_ACTIVITY_
Work out the number of lines that hold "Jeep" in the listing, and give that number with no other text.
···
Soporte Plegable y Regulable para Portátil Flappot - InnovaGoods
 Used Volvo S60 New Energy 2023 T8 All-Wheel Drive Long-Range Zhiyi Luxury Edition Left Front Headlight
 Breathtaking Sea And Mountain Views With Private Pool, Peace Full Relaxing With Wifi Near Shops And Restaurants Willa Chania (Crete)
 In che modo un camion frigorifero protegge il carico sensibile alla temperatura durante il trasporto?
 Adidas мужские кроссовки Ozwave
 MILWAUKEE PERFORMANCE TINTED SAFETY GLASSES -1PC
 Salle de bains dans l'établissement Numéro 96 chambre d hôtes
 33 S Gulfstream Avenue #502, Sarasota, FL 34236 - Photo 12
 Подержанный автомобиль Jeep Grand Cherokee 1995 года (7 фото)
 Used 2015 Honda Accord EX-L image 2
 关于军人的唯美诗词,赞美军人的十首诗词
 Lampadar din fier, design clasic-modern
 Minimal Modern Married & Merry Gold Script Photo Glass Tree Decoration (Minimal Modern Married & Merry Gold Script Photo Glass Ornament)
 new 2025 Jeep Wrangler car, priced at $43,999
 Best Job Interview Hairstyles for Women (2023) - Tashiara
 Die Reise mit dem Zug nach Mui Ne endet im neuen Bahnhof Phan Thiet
···
_FINAL ANSWER_
2